There are sound reasons for the turn back to a pragmatic approach to Iran, including the uncertainties of the post-pandemic economic landscape for all countries in the region regardless of their stance on any of the regional geopolitical fault-lines. Officials in Abu Dhabi and (especially) Dubai are fully aware of the damage that would be caused to their brand as (relatively) stable hubs in an otherwise insecure region should the pattern of attacks seen in 2019 continue and/or escalate. This newfound sense of vulnerability has been amplified by the impact of the pandemic which has hit hard on the tourism, hospitality, mega-event, and entertainment sectors that had propelled Abu Dhabi and Dubai into aspirant global cities over the previous two decades.
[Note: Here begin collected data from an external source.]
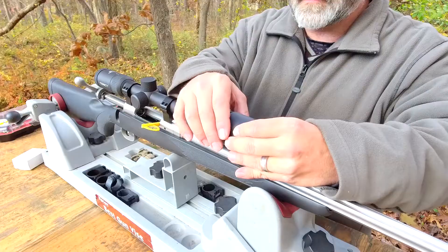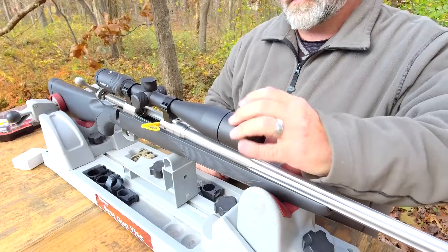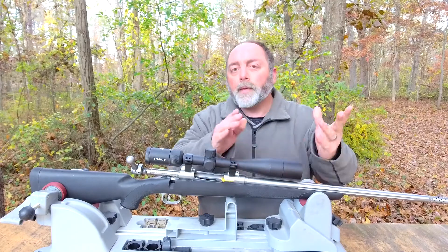So you just place it carefully on the objective. The threads are very fine, so you just got to line them up and then just thread it right in. It doesn't have to be too tight — just basically hand tight and you're good to go.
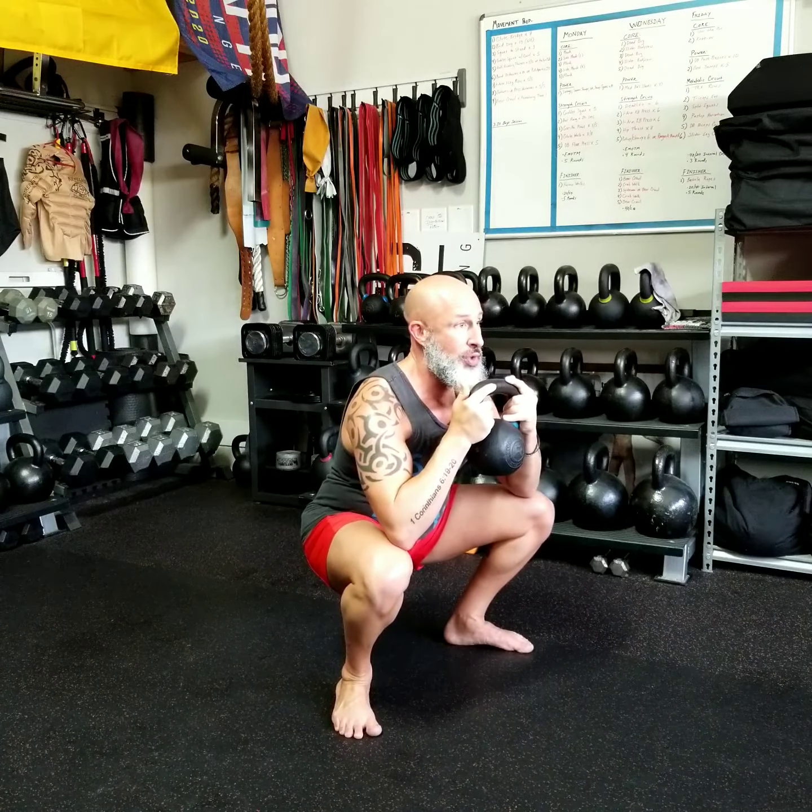We want to make sure we get our feet flat, go as low as we can with good mobility, and then come straight up. That is a proper goblet squat. And as you get stronger, you can go heavier. And as you get more mobile, you can get lower.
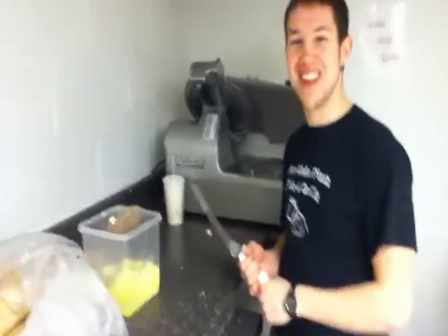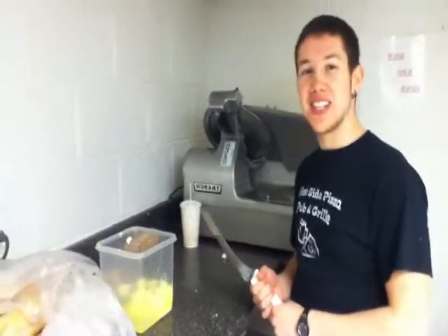And welcome back to Cooking with Artie. Here's your host, Artie. Hello! Today we're going to make the best sandwich in the world.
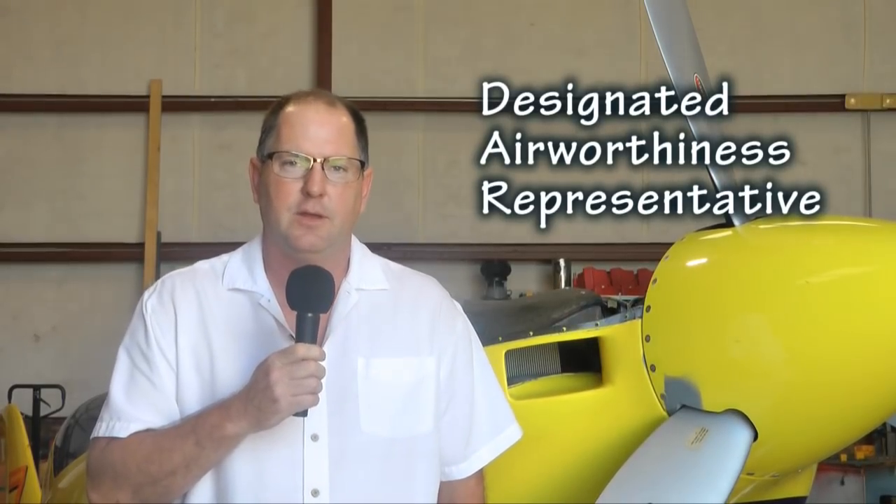The DAR, which stands for Designated Airworthiness Representative, is a representative of the FAA. We do not work for them; they do not pay us. This is a service we offer the community because in many cases your local FSDO or your local MIDO don't have enough staff or are too busy to get out and do experimental aircraft inspections. That's where a DAR comes in.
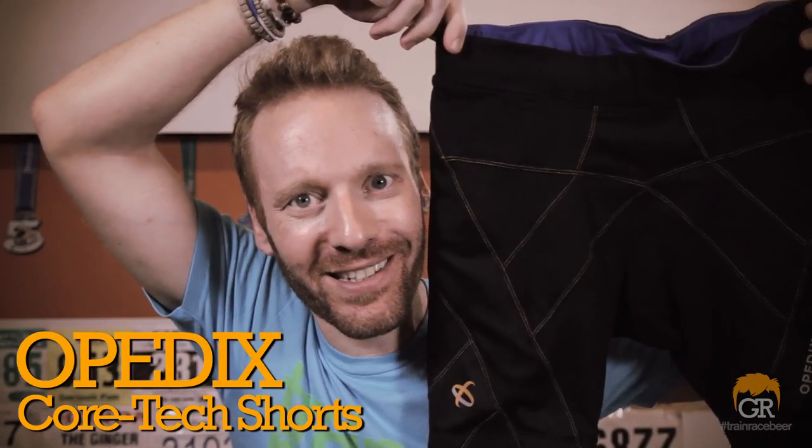What up everybody? Ethan Huber here for another GingerRunner.com review. Today we are reviewing the Opidex Cortex Shorts. The Opidex technology built into every pair of Cortex Shorts consists of scientifically designed tensioning systems to support the core and enhance hip and knee joint function for training, recovery, and participation in physical activities.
In January 2014, the Ruler of Dubai (and Prime Minister of the UAE), Sheikh Mohammed bin Rashid Al Maktoum, called for an easing of pressure on Iran as he told the
BBC that ‘we need to give Iran space, Iran is our neighbor and we don’t want any problem.’ Nearly eight years later, the failure of the intervening period of confrontational relations to come up with any viable or more workable alternative has restored the value of balance to regional and inter-regional relationships. As the UAE emerges from the pandemic the Emirati leadership needs to focus on economic growth and can ill-afford more geopolitical risk, especially given the prospect of greater competitive rivalry with Saudi Arabia for potentially scarcer resources in key sectors.
Ironically, in view of tensions between Abu Dhabi and Qatar over the past decade, the UAE’s balancing – between the U.S. and China, Israel and Iran – is beginning to resemble the Qatari policy of ‘hedging’ by countering big bets in one direction with a series of smaller bets the other way. That policy exposed the Qatari leadership to the backlash from the UAE and Saudi Arabia both in 2014 and again during the three-and-a-half-year blockade that began in 2017, and it remains to be seen whether the UAE fares any better in finding a regional and foreign policy equilibrium, albeit one that is evolving against a less polarizing backdrop than the contentious post-Arab uprisings decade that has just ended.